Start of SOURCE DATA

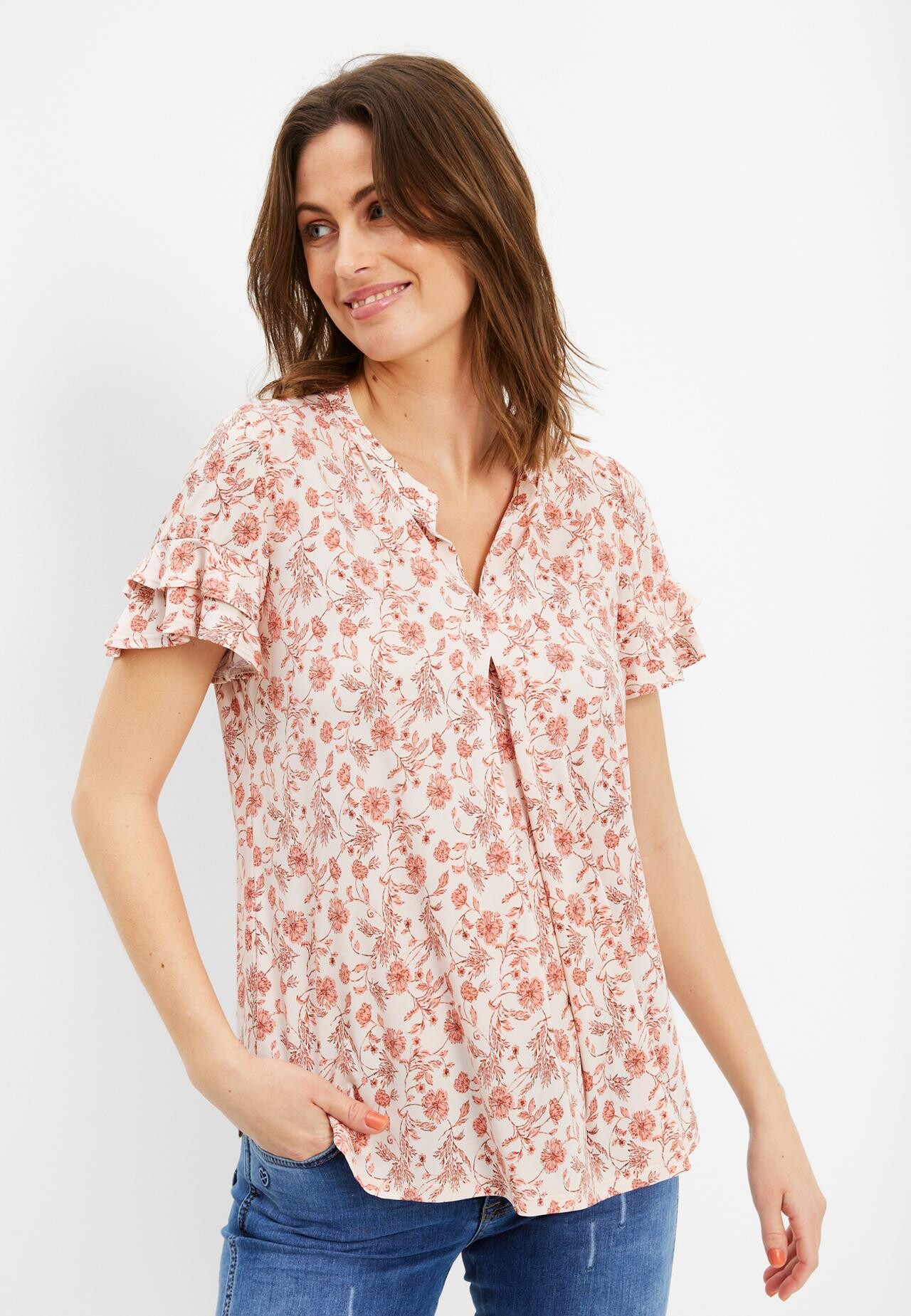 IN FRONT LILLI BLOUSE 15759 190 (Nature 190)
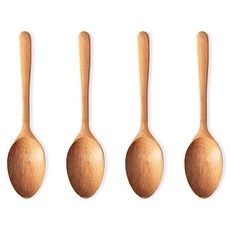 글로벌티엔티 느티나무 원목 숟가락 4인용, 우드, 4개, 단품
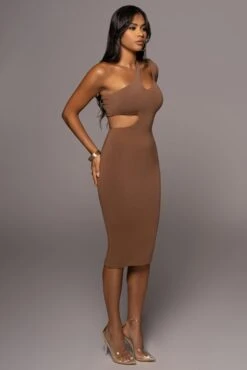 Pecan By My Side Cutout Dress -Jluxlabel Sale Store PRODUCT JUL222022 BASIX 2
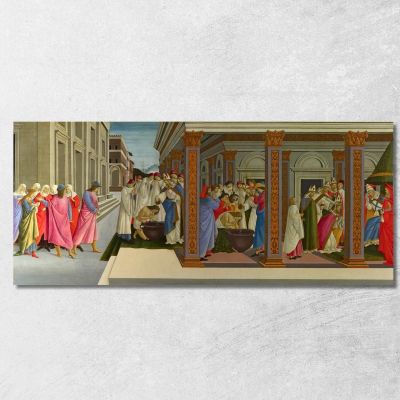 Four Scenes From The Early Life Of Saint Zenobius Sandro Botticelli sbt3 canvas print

End of SOURCE DATA

YOUR GOAL. Line by line, give the material above again exactly, but without any pictures.

THE COMPLETED TASK.
 IN FRONT LILLI BLOUSE 15759 190 (Nature 190)
 글로벌티엔티 느티나무 원목 숟가락 4인용, 우드, 4개, 단품
 Pecan By My Side Cutout Dress -Jluxlabel Sale Store PRODUCT JUL222022 BASIX 2
 Four Scenes From The Early Life Of Saint Zenobius Sandro Botticelli sbt3 canvas print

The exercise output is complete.